Claire Taylor backs England for Women’s World Cup semi-final spot

AP

World Cup winner Claire Taylor believes Heather Knight’s England team will reach the semi-finals of this year’s Women’s Cricket World Cup.

England showed a marked improvement after failing to win a single match in the multi-format Women’s Ashes last month as they pushed Australia to the final over on Saturday in the tournament opener.

Knight’s side started their title defence with a 12-run defeat but Taylor, who won the tournament in 2009, believes the improvement is significant.

“We did bat better against Australia than we had earlier (in the Ashes) but I think we should make the semi-finals and then it’s anyone’s competition,” Taylor told the PA news agency.

Australia went into the tournament as the favourites and have dominated the women’s scene over the last four years, since becoming the first country to professionalise their domestic women’s game with the first Women’s Big Bash in 2015-16.

England did not follow suit until 2019, when they introduced the first regional professional contracts following a heavy Ashes defeat, but Taylor believes the international side can catch up.

“Yes.

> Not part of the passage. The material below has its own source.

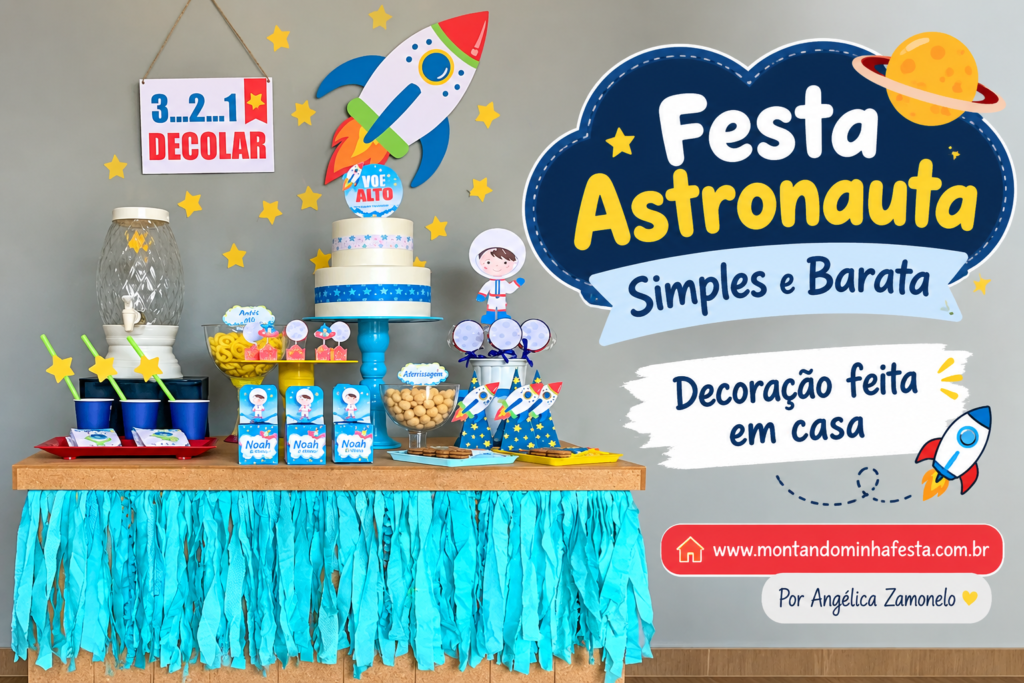 Festa Astronauta simples e barata com decoração feita em casa, mesa com saia de papel azul, bolo temático, foguete na parede, estrelas e lembrancinhas personalizadas para aniversário infantil.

I don’t know how long, it’s going to take a while for the benefits to be seen from this regional domestic structure, I think it’s going to take a couple of years – maybe slightly less time for the benefits of the Hundred to be seen,” she said.

Taylor played for England for over a decade and was part of the Evolution of Women’s Cricket event at Lord’s

“For our young domestic cricketers, to be playing in teams where they have three overseas internationals plus a couple of England players, that will accelerate their development significantly.

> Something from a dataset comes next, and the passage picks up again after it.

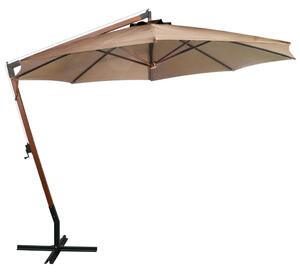 Parasol ogrodowy wiszący, jodłowy słupek, taupe, 3,5x2,9 m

“So I think we’ll see the benefits from the Hundred quicker than the regional structures, but still those things will come through.”

For Taylor, who was not paid during her own 13-year international career as international contracts were only introduced by the ECB in 2014, the sport has already made significant progress.

“I was never one of the generation that had to pay to play, neither was I the generation that was paid to play,” she said.

“We were supported, we were treated like low-level Olympic athletes in that we had the support from the English Institute of Sport and we had access to coaching and we were given some money so we could pay for gym memberships and new trainers and that sort of stuff.

Taylor was not paid to play during her international career which spanned over a decade (PA Archive)

“Fast forward 20 years from me and they’re being paid to play so that is an amazing transition from even as late as the mid-1990s, players were paying for their own blazer and paying towards travel costs, and then 2014 the first professional contracts, it’s an amazing evolution.”

Taylor was speaking on International Women’s Day after the MCC unveiled a new Evolution of Women’s Cricket exhibition at the Lord’s museum.